Fig. 1 Types of metallocarbenes.

1.1 Reactivity of metallocarbenes

In general, due to their electrophilic nature, metallocarbenes react with various nucleophiles and can construct various bonds, e.g., C–H, N–H, O–H, B–H, Si–H, Ge–H, Sn–H, P–H, etc, through insertion reactions. Furthermore, C–C bond formation, cascade reactions, and ylide formation followed by subsequent cyclization, annulation-type reactions, dimerization, and many other transformations (Fig. 2) take place in a single step.⁸

Fig. 2 Reactivity of metallocarbenes.

So far, many reviews have covered the reactivity of metallocarbenes with various nucleophiles. This review showcases the recent developments in transition metal-catalyzed reactions for the formation of carbon–carbon bonds, carbon–boron bonds, and beyond with the aid of boronic acids or esters with carbenes through the cross-coupling pathway. We have covered different carbene precursors along with boronic acids and esters for arylation, alkylation, and beyond. Organoboron compounds are useful in organic chemistry to synthesize valuable molecules.⁹

2. Palladium-catalyzed reactions

2.1 α-Diazocarbonyl compounds and N-tosylhydrazones as carbene precursors

The Suzuki–Miyaura cross-coupling reaction is well known for forming C–C bonds in modern organic synthesis.^1,2 The widespread reactivity and popularity of this reaction are due to the utilization of various non-toxic boronic acids, mild preparation methods, and tolerance of various functional groups. Extending the scope of this reaction in 2008, the Wang group reported an agile methodology for Pd-catalyzed carbon–carbon bond formation with α-diazocarbonyl compounds and arylboronic acid for the synthesis of α-aryl substituted α,β-unsaturated carbonyl compounds (Scheme 1).¹⁰ Various α-diazocarbonyl compounds 1 and arylboronic acids 2 reacted well under the optimized conditions, giving the corresponding products 3 in good to moderate yields (Scheme 1b).
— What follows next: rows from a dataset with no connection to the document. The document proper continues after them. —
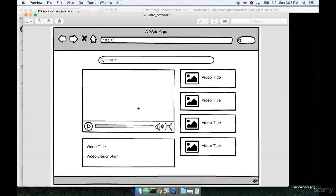We're not going to use any dummy data for this application. We're going to use the actual YouTube API. So this is going to be a fully functional React application that you can deploy if you want to.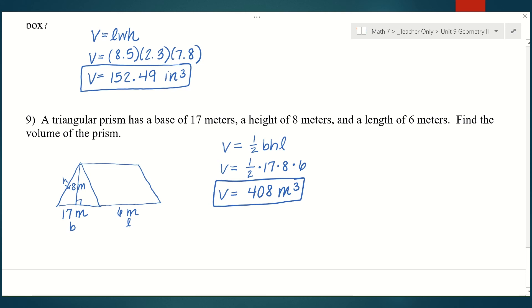That is the volume of all the prisms we're going to do. In the next lesson we're going to do volume of cylinders, and then that's it for seventh grade. Good job!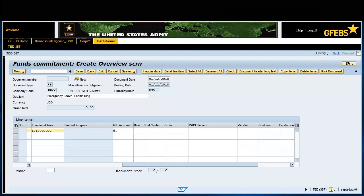In the GL Account field, enter 6100 260B. Enter 76VV in the Cost Center field.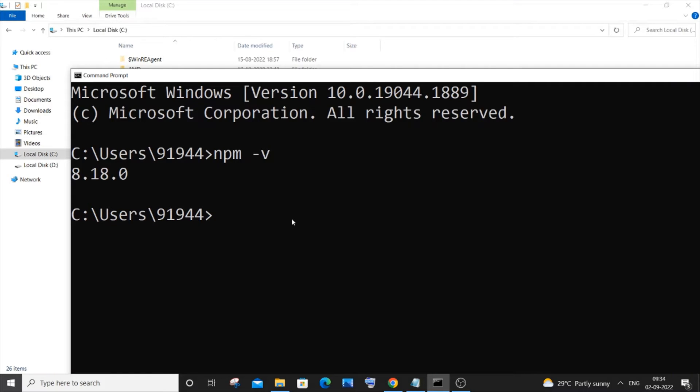Hi everyone, in this video I will be showing you how to downgrade or decrease your npm to an older version. So let's get started. Just go to your command prompt and type npm hyphen version. You will be getting the latest version of npm installed on your system.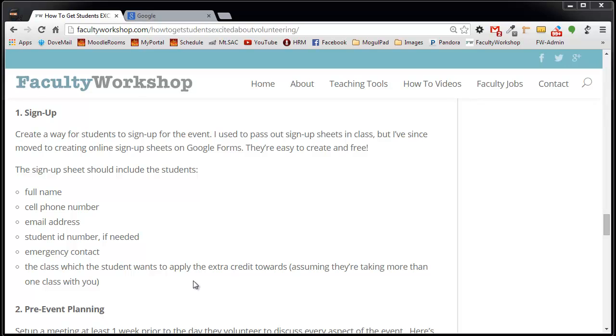In this video we're going to see how you can create a sign-up sheet for your students. This could be for a volunteer activity or really for anything that you would like your students to sign up for.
Scheme 1 Pd-catalyzed reaction of α-diazocarbonyl compounds.

First, Pd(0) undergoes oxidative addition to give species 4 (Scheme 1c) by using benzoquinone (BQ) as an oxidant. The next step is transmetalation with arylboronic acid to generate 5 (Scheme 1c). Then, the intermediate 5 reacts with the α-diazocarbonyl compound to generate Pd–carbene 6, which upon migratory insertion of the aryl group gives 7 (Scheme 1c). This is followed by β-hydride elimination, which delivers the corresponding α-aryl containing α,β-unsaturated carbonyl derivative 3 and the catalyst is ready for the next catalytic cycle in the presence of a base. Based on the control experiments, the oxidant BQ plays an important role. In the absence of BQ, product 3 was observed in trace amounts.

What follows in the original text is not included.